The incidence of HCC in East Asia is many times more than that in USA and Europe. As most HCC patients have advanced disease at the time of presentation, most of these patients in the East are offered a variety of loco-regional treatments before the clinicians resort to best supportive care. Here, best supportive care is usually offered to patients who are in poor clinical state or who have failed loco-regional treatment. (The patients involved in the SHARP study would likely have been suitable for loco-regional treatment.) These loco-regional treatments include trans-arterial chemo-embolization (TACE), trans-arterial embolization (TAE), radio-frequency ablation (RFA) or selective internal irradiation therapy (SIRT) with yttrium-90 (Y-90) microspheres. (The average number of TACE treatments for a patient with advanced HCC is 2 – 3; for SIRT it is a single infusion only.) For example, the use of Y-90 microspheres in patients with advanced HCC has been shown in published studies (not randomised) to prolong survival, to downstage the initially inoperable tumour to a stage suitable for surgical resection with a potential chance of cure or to downstage the tumour to a stage where the patient is suitable for liver transplantation with a potential chance of cure. The statement by the UK medical oncologist  “… we are left with nothing to offer advanced HCC patients apart from supportive and palliative care ..” is perhaps a trifle over-dramatic.

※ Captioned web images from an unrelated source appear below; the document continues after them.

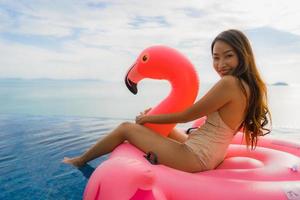 Portrait young asian woman on flamingo flotteur gonflable autour de la piscine extérieure de l'hôtel resort photo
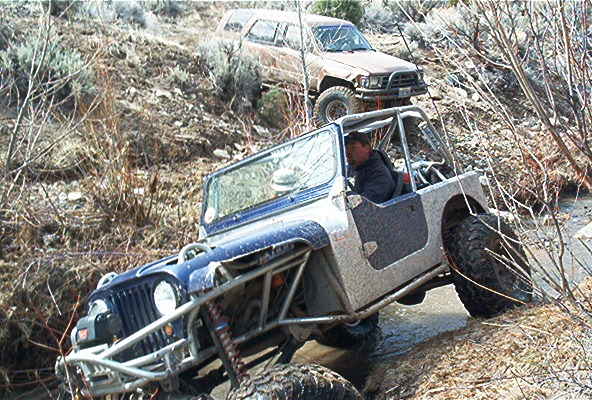Modified Jeep Wrangler with roll cage navigating a rocky stream, a tan SUV behind it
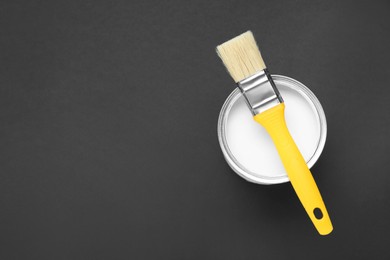 Photo of Can of white paint with brush on black background, top view. Space for text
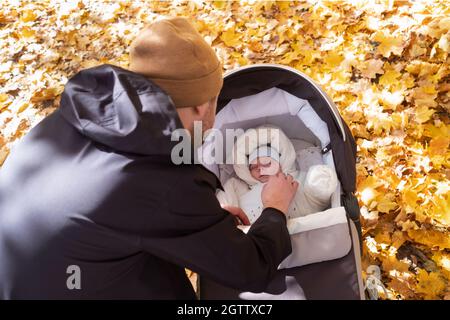 Glücklicher junger Vater mit Kinderwagen sitzt auf der Bank in der Natur im Park Stockfoto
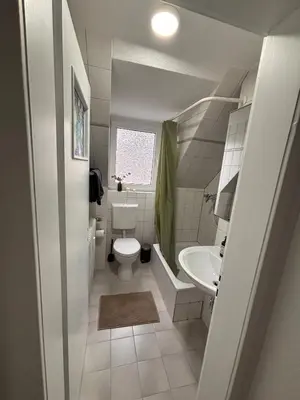 Ein Badezimmer in der Unterkunft Seeblick Apartment Duisburg am Blauen See - 15 Min zur Messe Düsseldorf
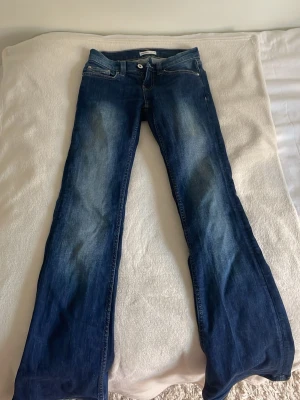 Blå bootcut jeans med kvarg färg från Gina - Säljer ett par blå bootcut jeans med snygg kvarg färg. Jeansen har klassisk femficksdesign och ganska låg midja. Perfekta för en avslappnad och trendig look. Nypris 500kr och jag säljer för 150kr.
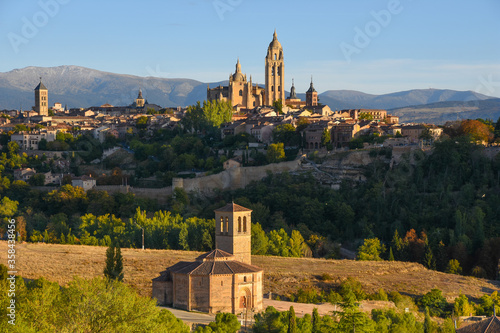 View of the Vera Cruz Church, a unique church in Segovia built by the Knights Templar to house a fragment of the True Cros  with Segovia Cathedral in the background, Spain photo
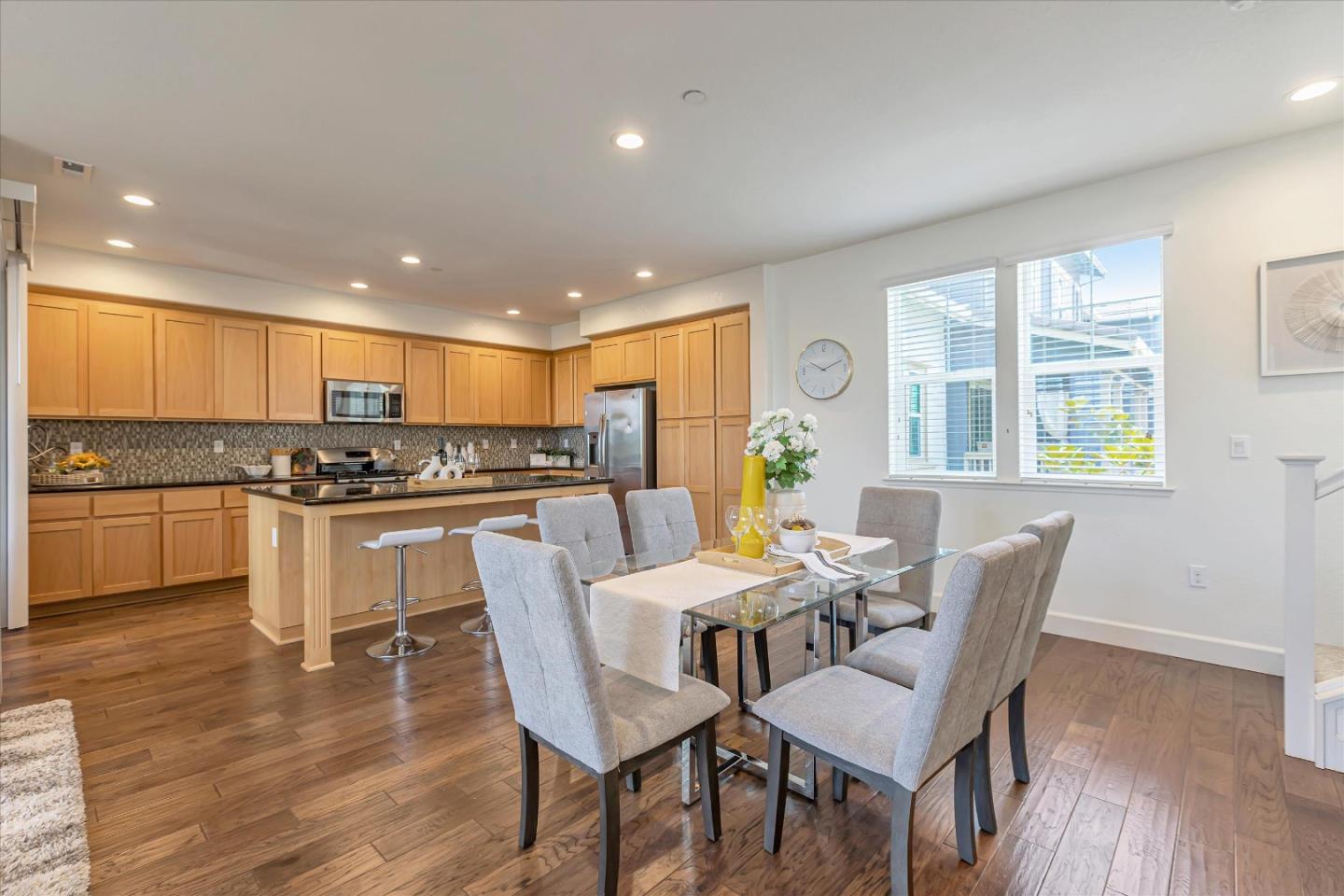 103 Incense Terrace Sunnyvale, CA 94086 - Photo 15 of 42 a view of a dining room with furniture and wooden floor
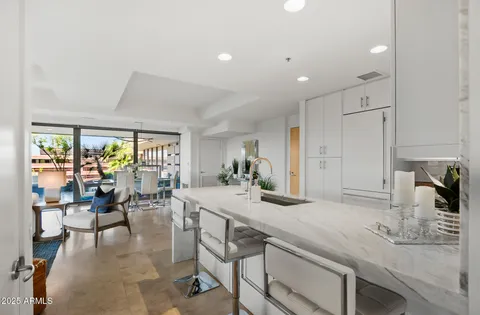 a view of living room with furniture and a window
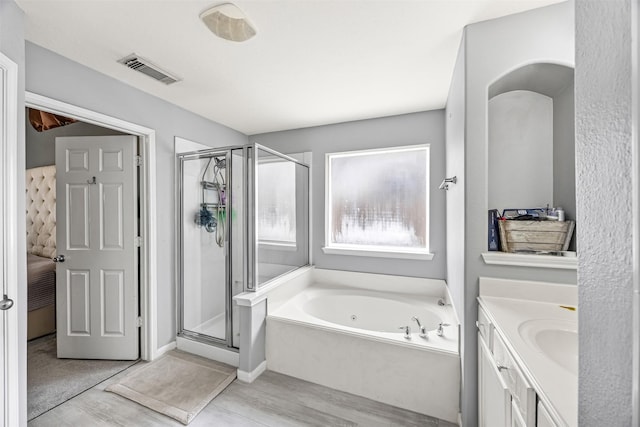 full bath featuring wood finished floors, a shower stall, a garden tub, and vanity
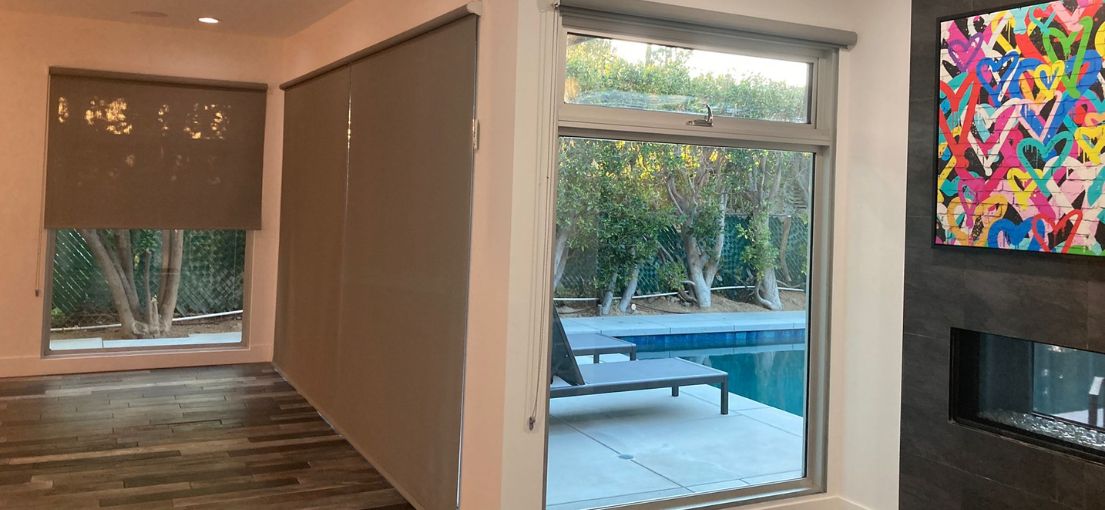 Living room space with glass walls adorned with elegant roller shades by Master Blinds.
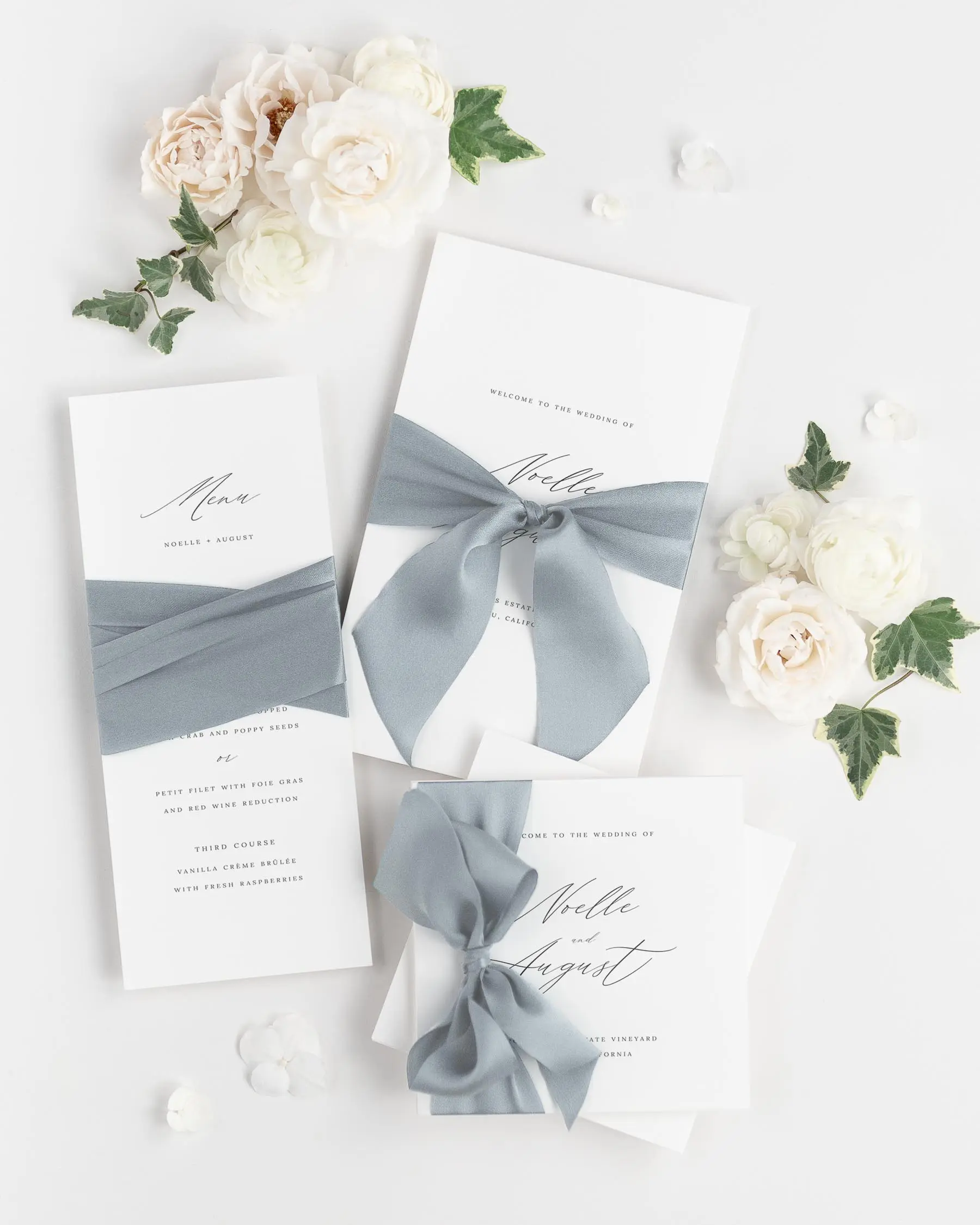 Light Blue Gray Ribbon Tied Around Wedding Programs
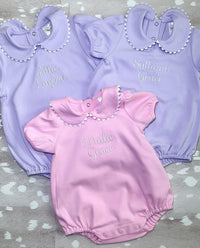 Pink short sleeve scalloped collared bubble romper for baby, ready for monogramming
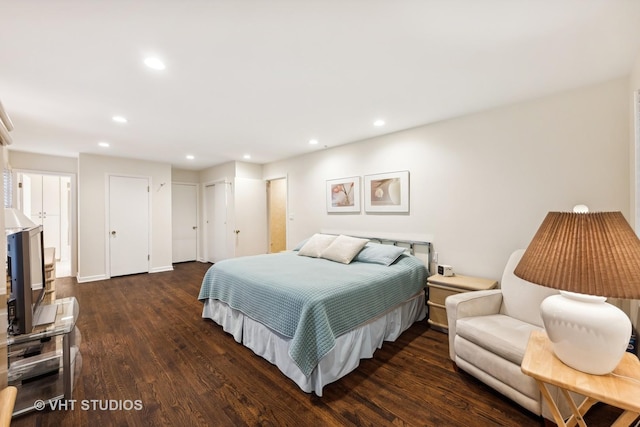 bedroom with dark hardwood / wood-style floors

Since the approval of sorafenib, various studies comparing loco-regional treatment modality combined with sorafenib against sorafenib alone have been suggested and embarked upon. When sorafenib was made available in Singapore, I suggested to the manufacturer of Y-90 microspheres to conduct a study comparing the efficacy of sorafenib alone versus Y-90 SIRT alone in patients with advanced HCC. This did not materialise. Several months later, I heard that a small international study comparing Y-90 SIRT+sorafenib versus sorafenib alone would be carried out in patients with advanced HCC. Soon after, on a subsequent occasion, I told the Y-90 manufacturer representative that I would predict patients in the Y-90 SIRT+sorafenib arm would no doubt survive significantly longer than those treated with sorafenib alone. (If another study comparing TACE+sorafenib versus sorafenib alone is conducted, I would also predict that patients in the TACE+sorafenib arm will survive longer.) Loco-regional therapies such as Y-90 SIRT and TACE are accepted treatment modalities and known to be effective in prolonging survival in patients with advanced HCC. While it is not as convenient as taking a tablet (sorafenib), how will the cost of TACE / SIRT compare to sorafenib in treating a patient with advanced HCC? As far as I know, the overall cost of treating a patient with TACE or SIRT versus sorafenib in order to achieve the same duration of survival prolongation is not known. (If a cost analysis study were to be conducted, I would not be surprised if the study were to show that sorafenib is not the most cost effective.)

In UK where health care cost is “covered” by the state, not making sorafenib freely available to NHS patients with advanced HCC is certainly “a very poor decision” according to some. However, in countries like Indonesia, Myanmar, Cambodia and China, the state will not bear the cost of sorafenib treatment and the cost of a one month supply of sorafenib is approximately 10,000 Singapore dollars. That is a significant amount of money. If a patient with advanced HCC had to take sorafenib for, say, 10 months to get a 2 months survival prolongation, the patient and his / her family would have to come up with 100,000 Singapore dollars. For most of these patients, that is a fortune!

For the patient population I see, cost consideration unfortunately does come into the decision equation. I am sure these patients would wish that their country’s health care system was free, flush with unlimited resources and would allow them access to all available drugs on the market irrespective of cost.

Should cost-effectiveness be a consideration in health-care provision? What do you think?